*** Begin section ***

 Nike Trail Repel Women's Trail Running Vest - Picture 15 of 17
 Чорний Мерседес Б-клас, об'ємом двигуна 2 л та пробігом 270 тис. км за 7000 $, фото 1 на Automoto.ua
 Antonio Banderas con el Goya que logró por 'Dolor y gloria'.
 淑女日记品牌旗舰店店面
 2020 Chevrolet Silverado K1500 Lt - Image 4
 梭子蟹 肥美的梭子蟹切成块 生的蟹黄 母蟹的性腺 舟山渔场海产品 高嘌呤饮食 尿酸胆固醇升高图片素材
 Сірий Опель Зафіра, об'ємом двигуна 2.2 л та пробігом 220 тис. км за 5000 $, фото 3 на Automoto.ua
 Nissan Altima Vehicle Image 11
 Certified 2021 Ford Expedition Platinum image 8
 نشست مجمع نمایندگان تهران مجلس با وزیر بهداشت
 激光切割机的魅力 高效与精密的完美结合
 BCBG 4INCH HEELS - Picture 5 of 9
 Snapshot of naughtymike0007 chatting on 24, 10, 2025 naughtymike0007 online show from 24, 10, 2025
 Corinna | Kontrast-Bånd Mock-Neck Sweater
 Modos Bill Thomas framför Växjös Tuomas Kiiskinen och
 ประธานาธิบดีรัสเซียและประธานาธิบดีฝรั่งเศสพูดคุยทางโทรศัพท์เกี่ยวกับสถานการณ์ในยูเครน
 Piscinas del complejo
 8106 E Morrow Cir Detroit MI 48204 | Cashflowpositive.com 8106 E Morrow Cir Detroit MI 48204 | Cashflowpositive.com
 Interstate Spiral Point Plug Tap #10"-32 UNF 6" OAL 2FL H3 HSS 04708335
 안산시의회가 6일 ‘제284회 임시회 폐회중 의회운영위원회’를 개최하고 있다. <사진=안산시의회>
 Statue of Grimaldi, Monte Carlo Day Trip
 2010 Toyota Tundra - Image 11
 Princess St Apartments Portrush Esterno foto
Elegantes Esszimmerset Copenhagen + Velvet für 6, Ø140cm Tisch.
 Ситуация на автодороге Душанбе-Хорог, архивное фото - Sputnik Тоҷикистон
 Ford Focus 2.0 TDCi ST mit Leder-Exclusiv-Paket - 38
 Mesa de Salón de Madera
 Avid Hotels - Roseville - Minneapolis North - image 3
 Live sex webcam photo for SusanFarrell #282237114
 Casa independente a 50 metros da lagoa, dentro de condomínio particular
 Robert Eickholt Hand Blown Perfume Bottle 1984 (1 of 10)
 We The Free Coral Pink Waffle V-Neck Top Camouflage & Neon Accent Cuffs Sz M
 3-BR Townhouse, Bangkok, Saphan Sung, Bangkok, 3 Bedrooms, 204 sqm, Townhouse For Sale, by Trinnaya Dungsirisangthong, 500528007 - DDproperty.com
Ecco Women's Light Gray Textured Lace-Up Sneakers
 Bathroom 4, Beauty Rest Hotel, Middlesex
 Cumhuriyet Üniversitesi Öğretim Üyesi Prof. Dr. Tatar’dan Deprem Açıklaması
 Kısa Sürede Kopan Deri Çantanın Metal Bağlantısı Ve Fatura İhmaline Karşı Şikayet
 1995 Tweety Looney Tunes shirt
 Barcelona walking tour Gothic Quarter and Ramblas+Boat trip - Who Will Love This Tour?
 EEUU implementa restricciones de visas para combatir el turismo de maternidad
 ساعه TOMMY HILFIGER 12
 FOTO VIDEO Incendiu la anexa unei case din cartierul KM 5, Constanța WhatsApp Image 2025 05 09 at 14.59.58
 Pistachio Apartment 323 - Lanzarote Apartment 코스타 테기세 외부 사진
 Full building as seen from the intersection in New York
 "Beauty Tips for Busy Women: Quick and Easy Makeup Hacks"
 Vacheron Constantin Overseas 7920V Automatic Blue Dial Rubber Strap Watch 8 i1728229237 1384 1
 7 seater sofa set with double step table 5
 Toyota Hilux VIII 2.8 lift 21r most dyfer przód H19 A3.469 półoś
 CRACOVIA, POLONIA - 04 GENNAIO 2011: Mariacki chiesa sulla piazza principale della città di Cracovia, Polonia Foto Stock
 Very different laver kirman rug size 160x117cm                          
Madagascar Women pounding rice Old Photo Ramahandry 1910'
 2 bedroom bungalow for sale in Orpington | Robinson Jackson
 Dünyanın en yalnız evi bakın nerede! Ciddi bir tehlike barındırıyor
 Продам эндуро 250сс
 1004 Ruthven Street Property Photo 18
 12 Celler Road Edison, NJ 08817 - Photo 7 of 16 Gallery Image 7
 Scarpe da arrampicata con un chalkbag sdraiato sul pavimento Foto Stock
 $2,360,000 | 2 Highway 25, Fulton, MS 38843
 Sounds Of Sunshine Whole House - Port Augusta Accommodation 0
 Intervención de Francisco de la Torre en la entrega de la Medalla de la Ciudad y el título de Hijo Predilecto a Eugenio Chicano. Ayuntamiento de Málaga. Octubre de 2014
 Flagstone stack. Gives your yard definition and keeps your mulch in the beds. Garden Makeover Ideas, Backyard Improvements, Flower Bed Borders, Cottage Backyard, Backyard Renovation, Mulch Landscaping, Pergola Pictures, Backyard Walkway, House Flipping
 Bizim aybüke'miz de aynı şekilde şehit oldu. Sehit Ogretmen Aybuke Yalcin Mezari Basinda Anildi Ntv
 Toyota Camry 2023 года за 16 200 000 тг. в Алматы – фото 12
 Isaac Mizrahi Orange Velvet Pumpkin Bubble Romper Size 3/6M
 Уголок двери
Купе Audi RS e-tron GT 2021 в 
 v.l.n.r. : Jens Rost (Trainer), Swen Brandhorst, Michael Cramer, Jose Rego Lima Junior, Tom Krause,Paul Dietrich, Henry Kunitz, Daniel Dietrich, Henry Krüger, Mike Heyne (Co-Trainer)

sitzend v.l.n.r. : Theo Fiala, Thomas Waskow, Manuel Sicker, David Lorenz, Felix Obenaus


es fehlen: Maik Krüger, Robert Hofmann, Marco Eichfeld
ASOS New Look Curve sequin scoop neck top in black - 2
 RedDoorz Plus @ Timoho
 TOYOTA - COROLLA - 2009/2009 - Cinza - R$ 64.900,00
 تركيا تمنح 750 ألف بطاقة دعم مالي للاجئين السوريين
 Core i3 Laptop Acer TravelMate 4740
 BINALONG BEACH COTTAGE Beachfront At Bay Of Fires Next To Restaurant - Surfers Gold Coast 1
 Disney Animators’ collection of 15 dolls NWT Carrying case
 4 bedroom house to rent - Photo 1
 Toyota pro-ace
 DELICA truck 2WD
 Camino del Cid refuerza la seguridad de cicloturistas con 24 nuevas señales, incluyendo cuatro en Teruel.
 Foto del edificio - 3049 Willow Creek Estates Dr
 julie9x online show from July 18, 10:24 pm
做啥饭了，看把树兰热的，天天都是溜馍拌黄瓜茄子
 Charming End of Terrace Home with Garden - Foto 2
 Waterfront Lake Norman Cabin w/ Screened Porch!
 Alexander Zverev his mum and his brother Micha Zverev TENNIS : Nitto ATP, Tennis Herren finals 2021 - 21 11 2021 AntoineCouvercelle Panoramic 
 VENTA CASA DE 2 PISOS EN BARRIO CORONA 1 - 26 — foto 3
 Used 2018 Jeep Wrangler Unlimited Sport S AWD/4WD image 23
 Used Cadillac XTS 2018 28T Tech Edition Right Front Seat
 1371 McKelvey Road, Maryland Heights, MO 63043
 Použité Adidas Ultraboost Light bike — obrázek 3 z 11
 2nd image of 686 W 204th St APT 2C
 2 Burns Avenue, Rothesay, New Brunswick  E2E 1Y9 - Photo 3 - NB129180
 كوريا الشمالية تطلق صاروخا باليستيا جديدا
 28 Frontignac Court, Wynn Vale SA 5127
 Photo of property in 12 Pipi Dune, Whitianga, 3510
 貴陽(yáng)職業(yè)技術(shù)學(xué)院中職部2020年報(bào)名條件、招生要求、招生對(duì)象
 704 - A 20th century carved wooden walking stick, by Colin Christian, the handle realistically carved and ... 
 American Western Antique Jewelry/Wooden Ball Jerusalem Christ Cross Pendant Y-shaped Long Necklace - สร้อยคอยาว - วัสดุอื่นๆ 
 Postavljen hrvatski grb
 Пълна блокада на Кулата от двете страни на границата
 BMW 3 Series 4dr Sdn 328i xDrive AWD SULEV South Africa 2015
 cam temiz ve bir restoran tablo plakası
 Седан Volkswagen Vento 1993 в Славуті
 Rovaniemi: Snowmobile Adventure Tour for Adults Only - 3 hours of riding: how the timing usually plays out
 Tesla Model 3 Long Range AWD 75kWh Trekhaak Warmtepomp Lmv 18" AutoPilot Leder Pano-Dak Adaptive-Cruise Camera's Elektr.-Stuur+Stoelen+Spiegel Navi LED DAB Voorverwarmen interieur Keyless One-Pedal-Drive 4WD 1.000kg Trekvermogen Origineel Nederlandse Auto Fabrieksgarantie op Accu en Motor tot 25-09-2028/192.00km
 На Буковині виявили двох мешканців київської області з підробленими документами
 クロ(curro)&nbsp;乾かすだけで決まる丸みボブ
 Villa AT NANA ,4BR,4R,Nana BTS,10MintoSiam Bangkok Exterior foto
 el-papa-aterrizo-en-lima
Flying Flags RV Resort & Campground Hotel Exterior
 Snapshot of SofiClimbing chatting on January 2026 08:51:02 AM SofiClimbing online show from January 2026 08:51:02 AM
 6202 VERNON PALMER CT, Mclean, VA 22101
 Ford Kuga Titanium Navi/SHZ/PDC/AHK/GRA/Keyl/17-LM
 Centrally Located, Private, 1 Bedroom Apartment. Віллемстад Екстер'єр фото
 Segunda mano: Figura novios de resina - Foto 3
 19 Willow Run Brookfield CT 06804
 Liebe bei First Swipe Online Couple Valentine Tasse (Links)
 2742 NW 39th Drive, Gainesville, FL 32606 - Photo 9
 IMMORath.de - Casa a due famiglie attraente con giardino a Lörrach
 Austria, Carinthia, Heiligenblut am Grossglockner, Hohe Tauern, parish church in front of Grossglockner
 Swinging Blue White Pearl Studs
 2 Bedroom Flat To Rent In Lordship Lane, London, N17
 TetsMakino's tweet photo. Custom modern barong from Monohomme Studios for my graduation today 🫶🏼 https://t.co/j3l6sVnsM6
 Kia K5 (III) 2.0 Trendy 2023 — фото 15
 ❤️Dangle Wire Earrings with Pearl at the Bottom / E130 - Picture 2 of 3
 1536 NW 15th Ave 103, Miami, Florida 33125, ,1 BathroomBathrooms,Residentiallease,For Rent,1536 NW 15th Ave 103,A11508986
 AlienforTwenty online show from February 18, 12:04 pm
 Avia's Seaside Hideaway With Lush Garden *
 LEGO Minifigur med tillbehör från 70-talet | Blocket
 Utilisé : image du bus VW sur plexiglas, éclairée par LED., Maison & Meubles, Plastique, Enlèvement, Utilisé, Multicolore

*** End section ***

> **Assigned task**
Look above for the line holding "Ситуация на автодороге". Print it and every line after it, exactly, through the line holding "Robert Eickholt Hand".

> **Task output**
 Ситуация на автодороге Душанбе-Хорог, архивное фото - Sputnik Тоҷикистон
 Ford Focus 2.0 TDCi ST mit Leder-Exclusiv-Paket - 38
 Mesa de Salón de Madera
 Avid Hotels - Roseville - Minneapolis North - image 3
 Live sex webcam photo for SusanFarrell #282237114
 Casa independente a 50 metros da lagoa, dentro de condomínio particular
 Robert Eickholt Hand Blown Perfume Bottle 1984 (1 of 10)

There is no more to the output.